Transcribe all data verbatim. Skip the pictures.
____
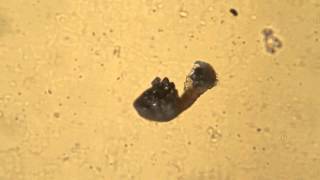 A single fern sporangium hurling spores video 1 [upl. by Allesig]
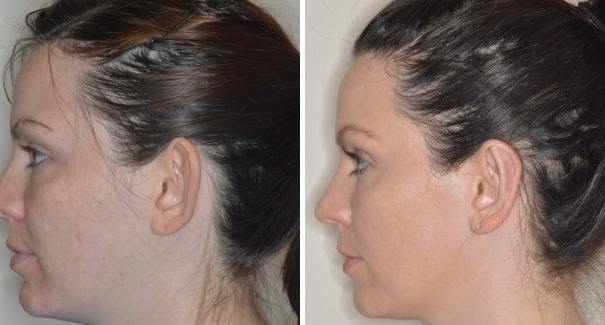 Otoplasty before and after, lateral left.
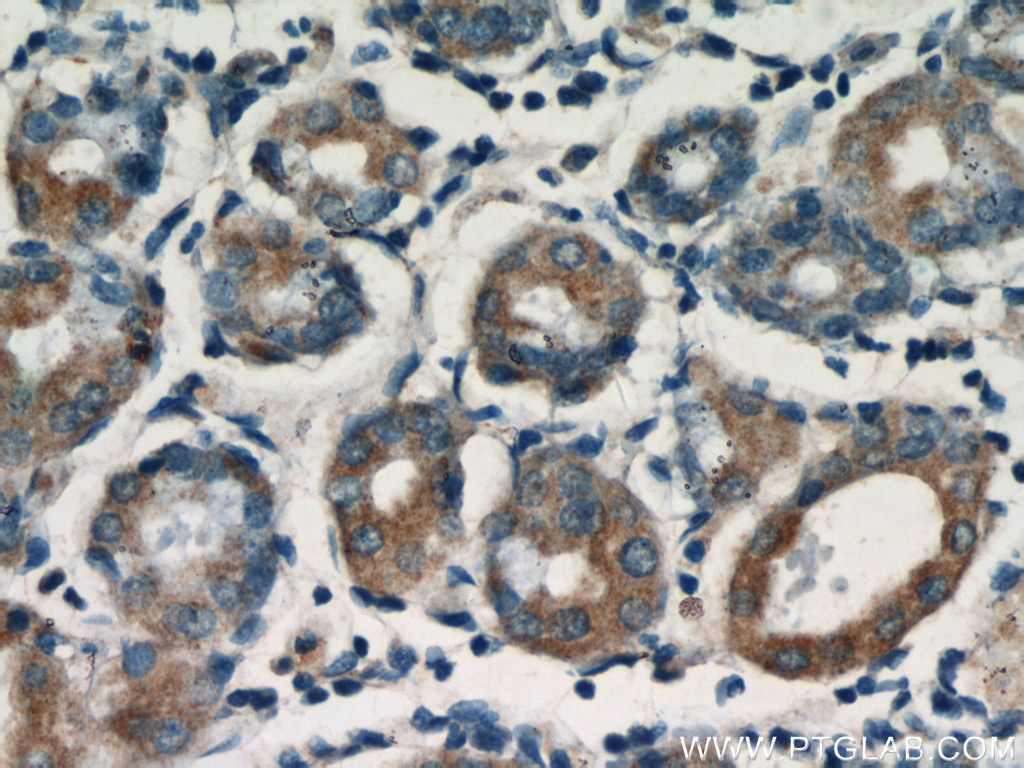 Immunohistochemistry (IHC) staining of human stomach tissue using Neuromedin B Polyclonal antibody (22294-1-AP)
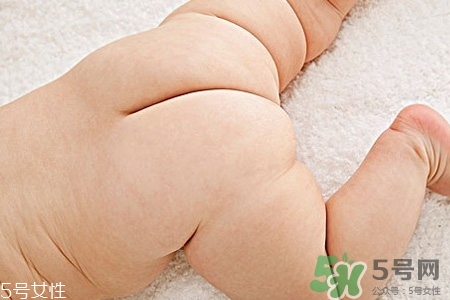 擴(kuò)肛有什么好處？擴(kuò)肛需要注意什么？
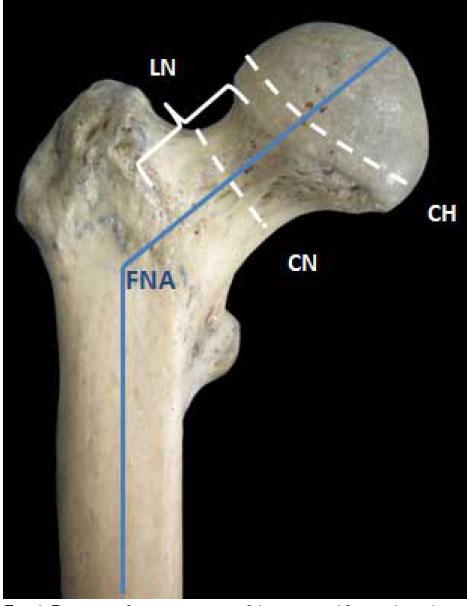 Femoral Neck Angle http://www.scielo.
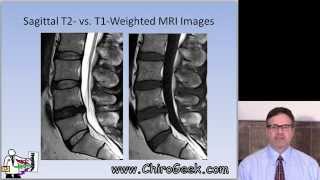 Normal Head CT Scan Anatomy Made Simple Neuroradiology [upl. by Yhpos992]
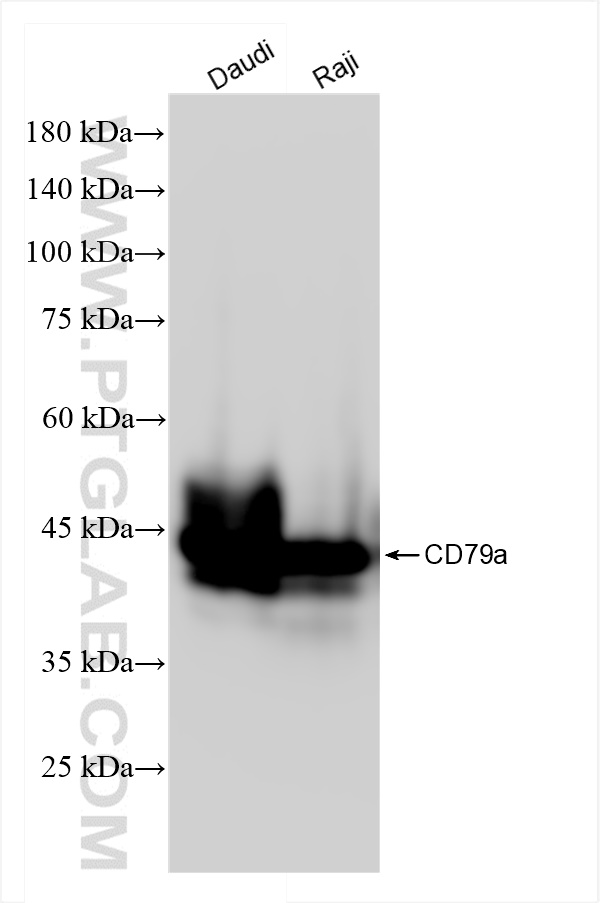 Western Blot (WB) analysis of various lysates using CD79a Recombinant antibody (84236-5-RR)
____
> Your response:
 A single fern sporangium hurling spores video 1 [upl. by Allesig]
 Otoplasty before and after, lateral left.
 Immunohistochemistry (IHC) staining of human stomach tissue using Neuromedin B Polyclonal antibody (22294-1-AP)
 擴(kuò)肛有什么好處？擴(kuò)肛需要注意什么？
 Femoral Neck Angle http://www.scielo.
 Normal Head CT Scan Anatomy Made Simple Neuroradiology [upl. by Yhpos992]
 Western Blot (WB) analysis of various lysates using CD79a Recombinant antibody (84236-5-RR)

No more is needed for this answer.